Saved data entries
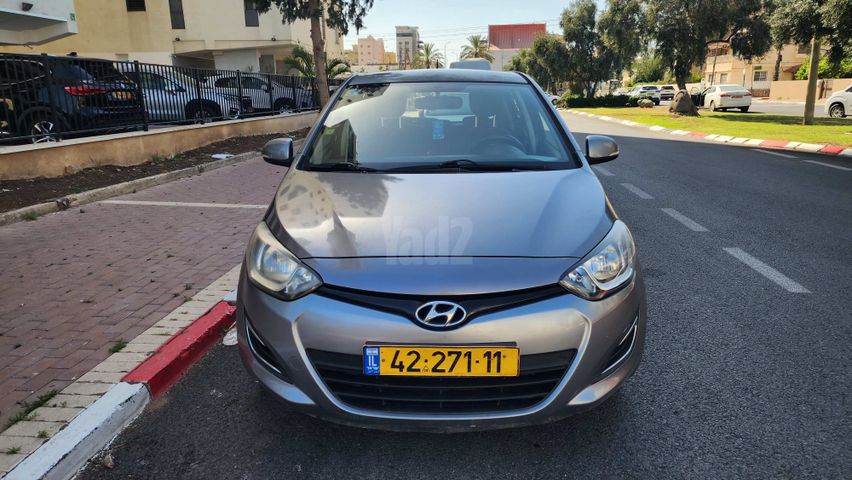 מודעת רכב יונדאי i20 2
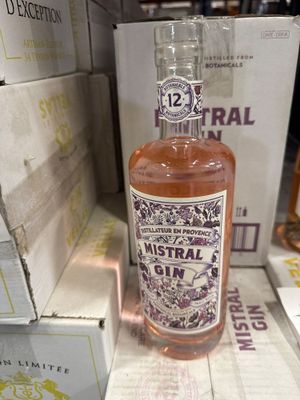 une bouteille d'alcool posée sur une étagère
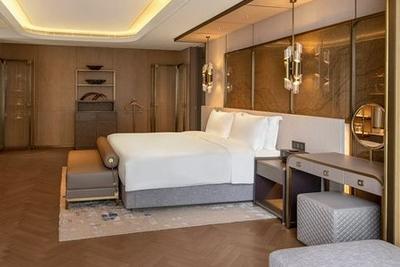 酒店线上预订，高级会员比普通会员还贵？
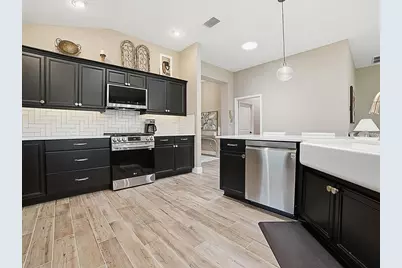 3075 Licciardello Path, The Villages, FL 32163 - Photo 10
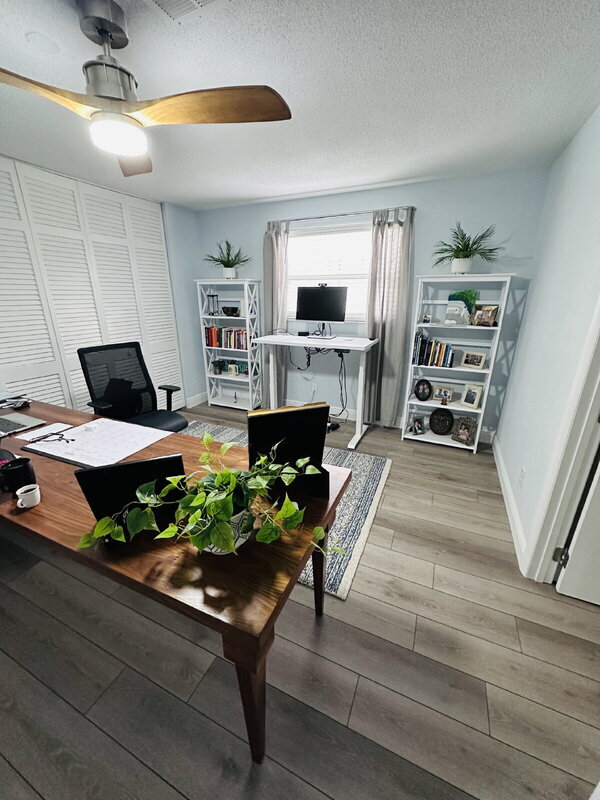 Building Photo - 2563 S Peninsula Dr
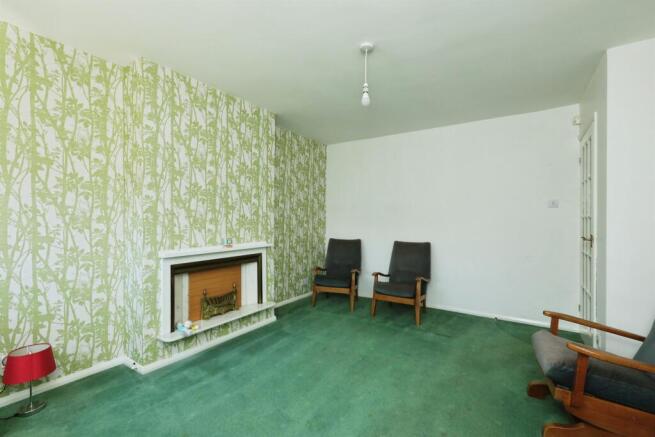 2 bed Semi-Detached for sale Image 7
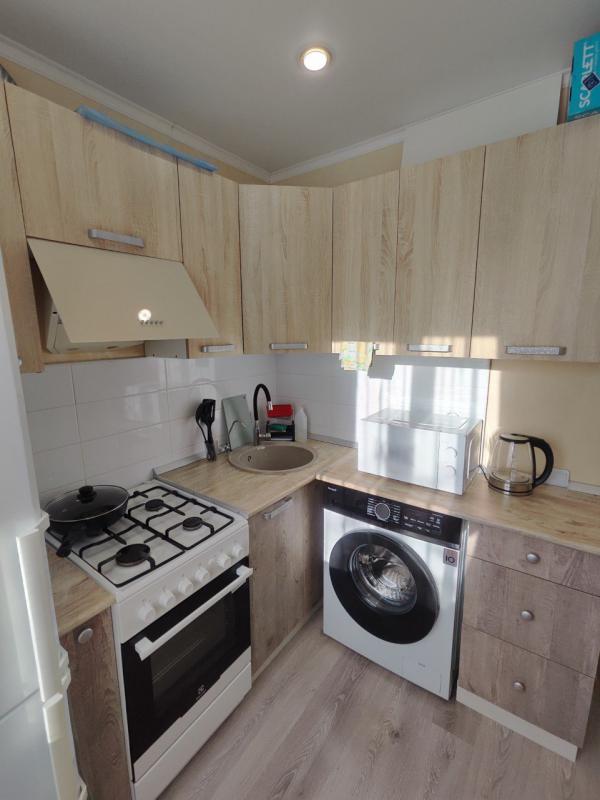 ПРОДАЕТСЯ 2Х-КОМНАТНАЯ В ЦЕНТРЕ Г. - Новотроицк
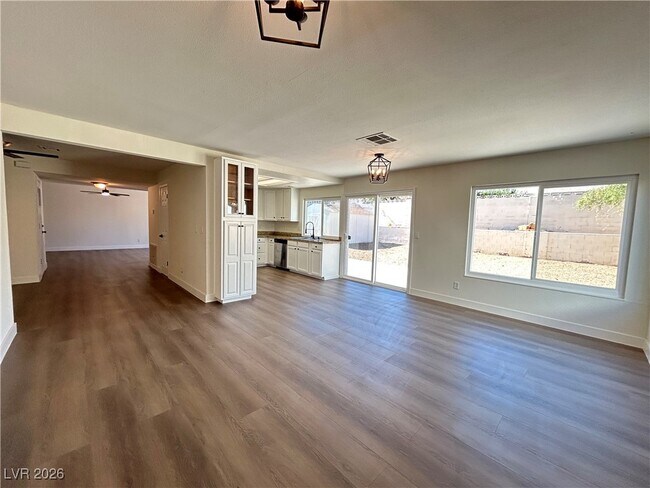 Photo - 5035 Meadow Grove Ct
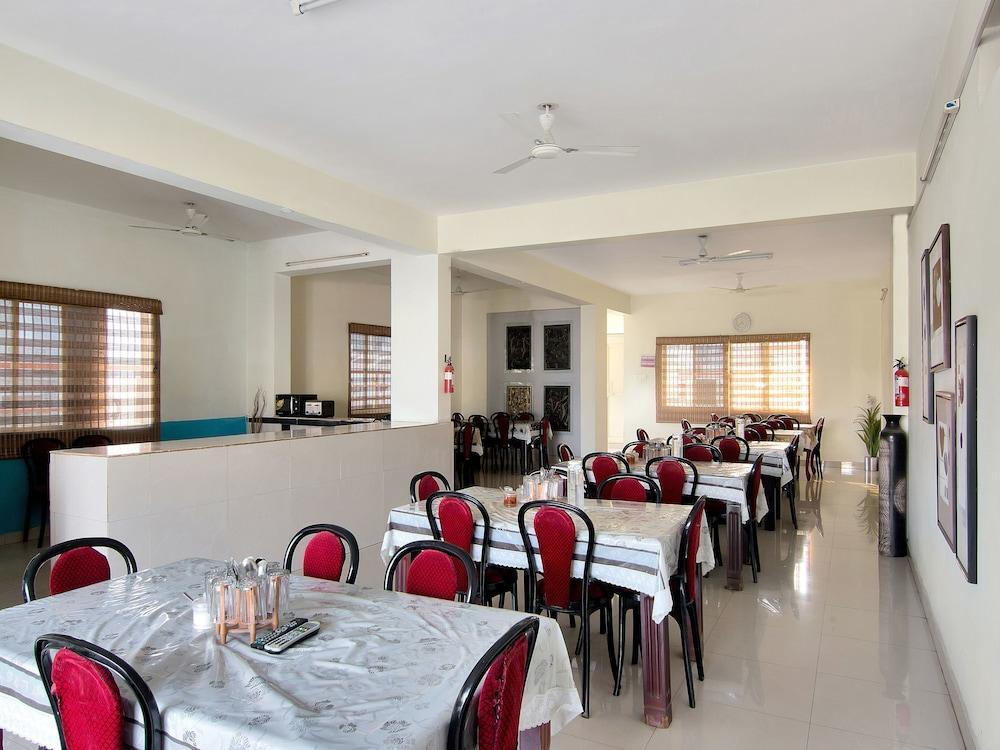 OYO 12458 SilverKey Madhapur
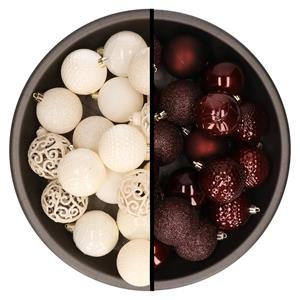 Kunststof kerstballen 74x stuks wol wit en mahonie bruin 6 cm -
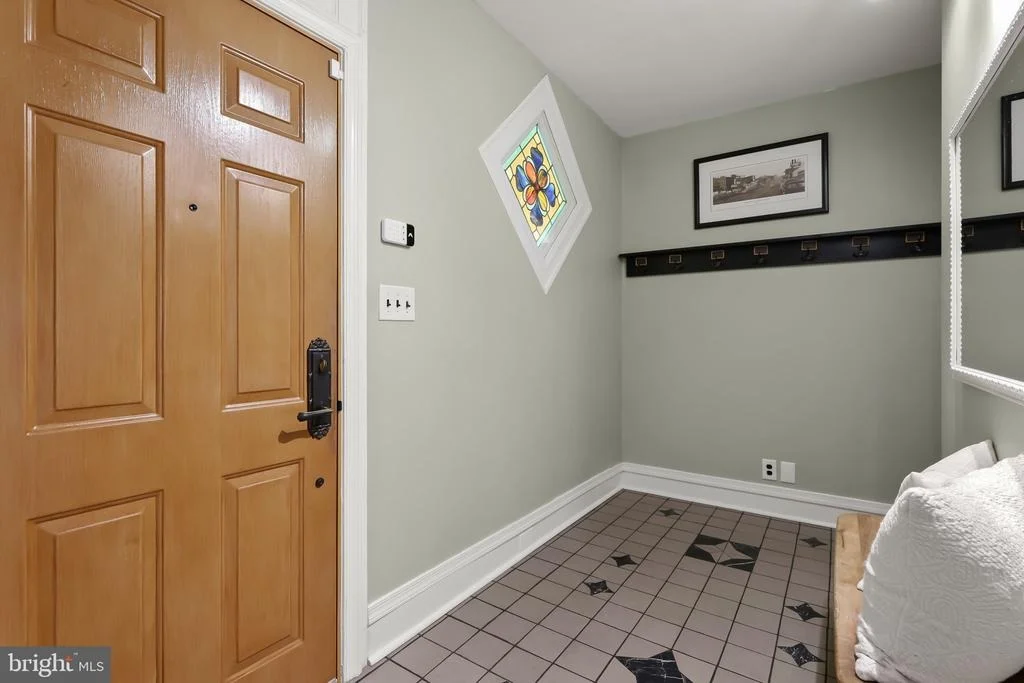 Photo of 2708 EVERGREEN AVENUE
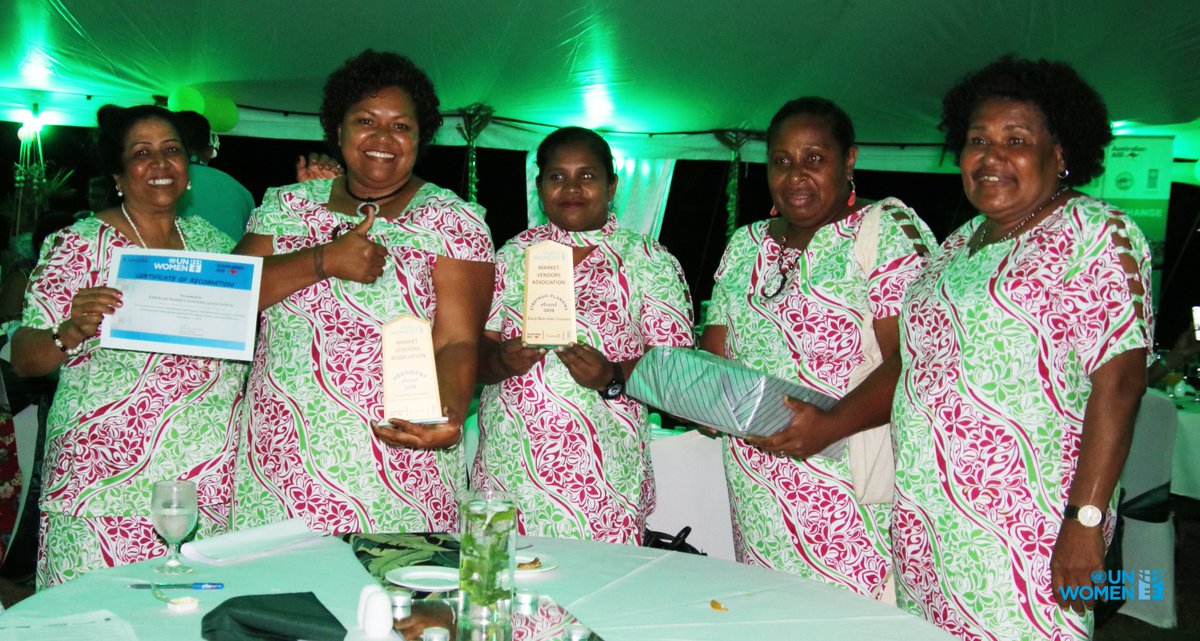 unwomenpacific's tweet photo. “For us at UN Women, everyone involved in this project are winners. #Strong &amp; #sustainable #marketvendor associations support all vendors to improve their #livelihoods and strong associations are #critical for improved working conditions in the market." - @bernklau_sandra 2/3 https://t.co/QFqqZGUQjK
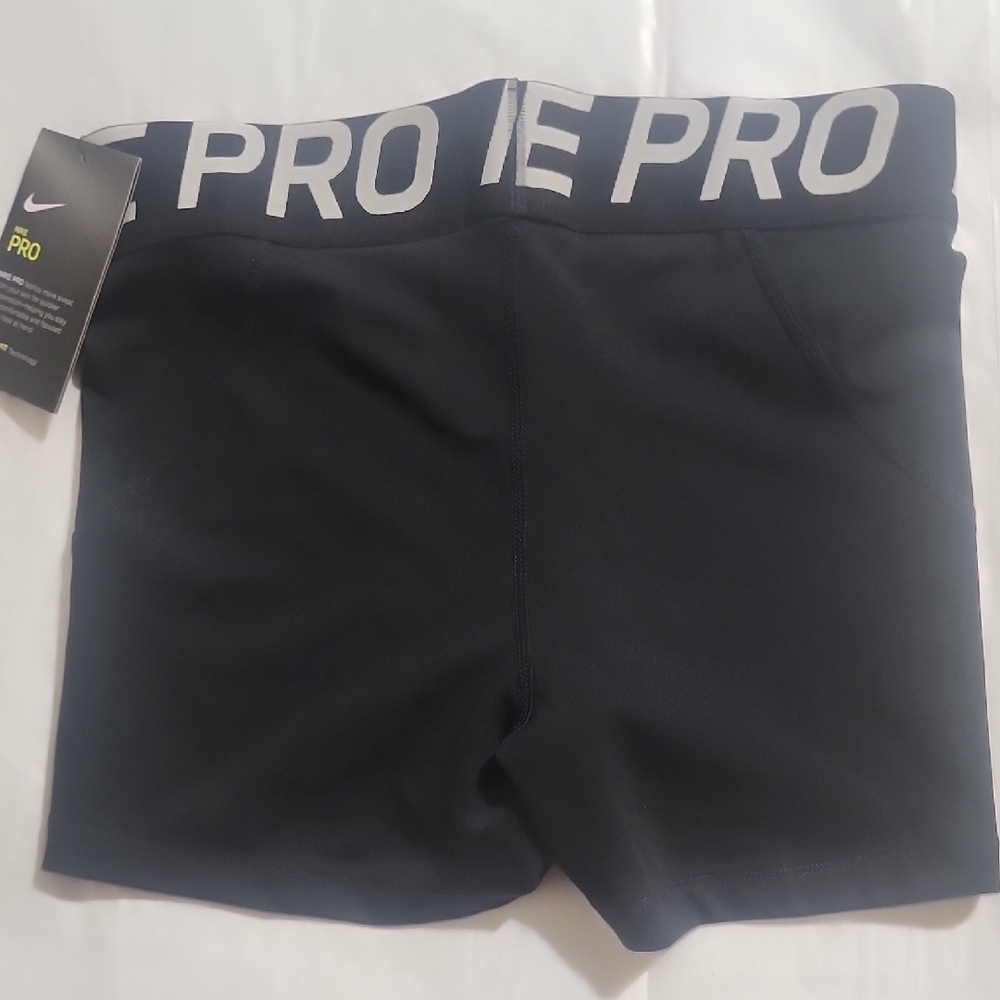 Nike Pro Black and Light Purple Sports Set - Picture 6 of 7
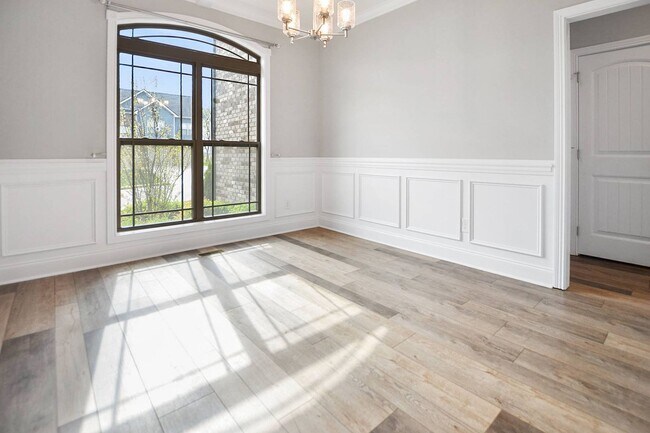 Building Photo - Pet Friendly Three Bedroom with Bonus!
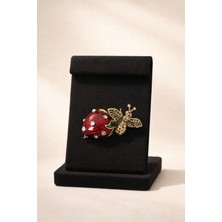 Mdm Style Çilek ve Arı Figürlü Taşlı Broş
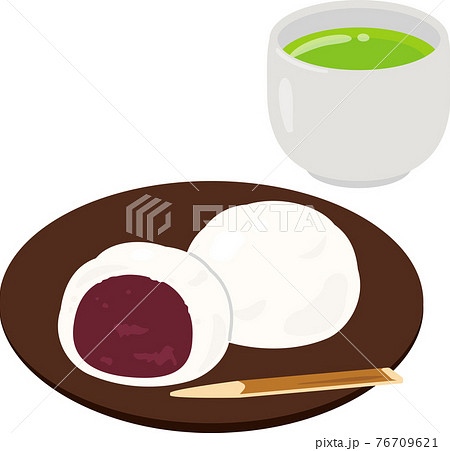 皿に盛った酒饅頭と緑茶 76709621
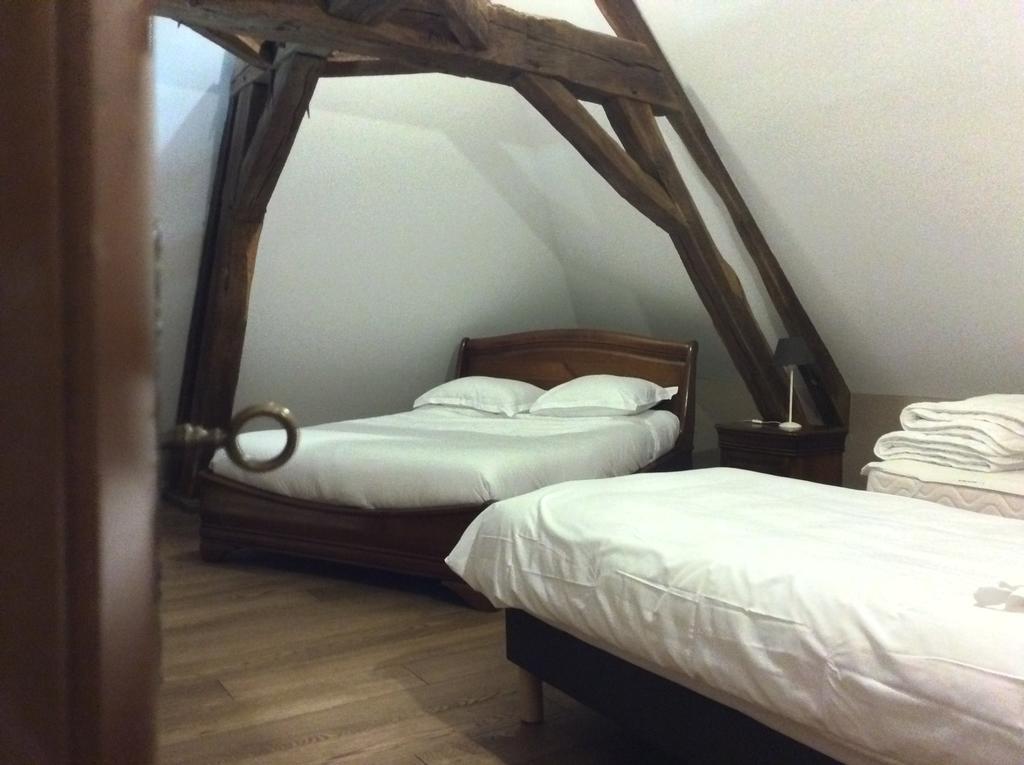 Bed and Breakfast Domaine De Noyer Saint-Christophe-en-Brionnais Номер фото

## WHAT THE TASK REQUIRES
Would you restate, exactly and with no pictures, the lines of the entries above from the one containing "3075 Licciardello Path, The" through the one containing "Photo of 2708 EVERGREEN AVENUE"?

## EXERCISE RESULT
 3075 Licciardello Path, The Villages, FL 32163 - Photo 10
 Building Photo - 2563 S Peninsula Dr
 2 bed Semi-Detached for sale Image 7
 ПРОДАЕТСЯ 2Х-КОМНАТНАЯ В ЦЕНТРЕ Г. - Новотроицк
 Photo - 5035 Meadow Grove Ct
 OYO 12458 SilverKey Madhapur
 Kunststof kerstballen 74x stuks wol wit en mahonie bruin 6 cm -
 Photo of 2708 EVERGREEN AVENUE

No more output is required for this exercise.